David Leonhardt of the New York Times earned a cheer from me this morning with his column on centrist bias in journalism, a bias that currently hits liberal Democratic candidates like Warren and Sanders hard.
He takes off from an observation by John Harris of Politico, which also deserves a cheer for the tendency — in evidence locally as well as nationally in the commentator class. He wrote of centrist bias:
“This bias is marked by an instinctual suspicion of anything suggesting ideological zealotry, an admiration for difference-splitting, a conviction that politics should be a tidier and more rational process than it usually is.”

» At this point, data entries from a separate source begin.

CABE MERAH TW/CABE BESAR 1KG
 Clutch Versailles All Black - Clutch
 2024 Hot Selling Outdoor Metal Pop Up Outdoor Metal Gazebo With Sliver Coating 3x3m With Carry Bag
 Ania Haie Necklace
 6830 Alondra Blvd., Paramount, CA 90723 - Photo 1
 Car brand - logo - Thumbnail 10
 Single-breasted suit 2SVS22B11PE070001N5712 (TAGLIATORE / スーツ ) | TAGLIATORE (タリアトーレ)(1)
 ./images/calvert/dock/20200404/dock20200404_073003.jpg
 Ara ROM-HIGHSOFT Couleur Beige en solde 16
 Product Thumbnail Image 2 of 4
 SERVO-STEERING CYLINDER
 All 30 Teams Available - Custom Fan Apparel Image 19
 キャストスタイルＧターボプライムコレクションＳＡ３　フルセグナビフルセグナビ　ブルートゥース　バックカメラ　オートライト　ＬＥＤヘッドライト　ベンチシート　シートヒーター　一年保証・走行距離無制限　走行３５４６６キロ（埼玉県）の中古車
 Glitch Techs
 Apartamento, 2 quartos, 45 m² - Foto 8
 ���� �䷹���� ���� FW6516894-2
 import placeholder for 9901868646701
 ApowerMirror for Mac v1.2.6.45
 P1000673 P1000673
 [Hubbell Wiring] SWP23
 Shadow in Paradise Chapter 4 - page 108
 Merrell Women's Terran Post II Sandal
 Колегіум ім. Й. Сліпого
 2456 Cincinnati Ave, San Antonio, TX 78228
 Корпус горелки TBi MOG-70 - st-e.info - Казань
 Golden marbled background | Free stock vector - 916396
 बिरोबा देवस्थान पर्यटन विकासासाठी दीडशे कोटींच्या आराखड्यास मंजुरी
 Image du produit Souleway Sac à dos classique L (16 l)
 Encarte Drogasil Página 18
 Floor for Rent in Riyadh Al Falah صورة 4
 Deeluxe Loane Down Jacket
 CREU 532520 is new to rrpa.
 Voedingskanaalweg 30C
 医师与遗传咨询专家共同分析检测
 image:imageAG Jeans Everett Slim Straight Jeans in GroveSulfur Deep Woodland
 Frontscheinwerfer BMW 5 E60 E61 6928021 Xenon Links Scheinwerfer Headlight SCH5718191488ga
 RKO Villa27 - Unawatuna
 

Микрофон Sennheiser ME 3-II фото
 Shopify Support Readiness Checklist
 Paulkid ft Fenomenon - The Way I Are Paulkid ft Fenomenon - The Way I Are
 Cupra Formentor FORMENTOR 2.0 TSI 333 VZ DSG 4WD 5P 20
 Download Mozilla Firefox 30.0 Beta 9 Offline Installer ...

Leonhardt picks up the thread:
Centrist bias, as I see it, confuses the idea of centrism (which is very much an ideology) with objectivity and fairness. It’s an understandable confusion, because American politics is dominated by the two major parties, one on the left and one on the right. And the overwhelming majority of journalists at so-called mainstream outlets — national magazines, newspapers, public radio, the non-Fox television networks — really are doing their best to treat both parties fairly.
In doing so, however, they often make an honest mistake: They equate balance with the midpoint between the two parties’ ideologies. Over the years, many press critics have pointed out one weakness of this approach: false equivalence, the refusal to consider the possibility that one side of an argument is simply (or mostly) right.
But that’s not the only problem. There’s also the possibility that both political parties have been wrong about something and that the solution, rather than being roughly halfway between their answers, is different from what either has been proposing.
Yep, spare me those forever trying to define a perfect mid-point in politics between the extremists. Sometimes one is right and the other wrong. As Leonhardt notes, citing Arthur Schlesinger, startling changes in public life didn’t come from the middle — think abolition of slavery, women’s suffrage, labor rights, the New Deal, civil rights for black Americans, Reagan’s laissez-faire revolution and same-sex marriage.
And yes, look what Trump is driving now. Racial and religious discrimination, to name two, aren’t centrist. Or let us hope not.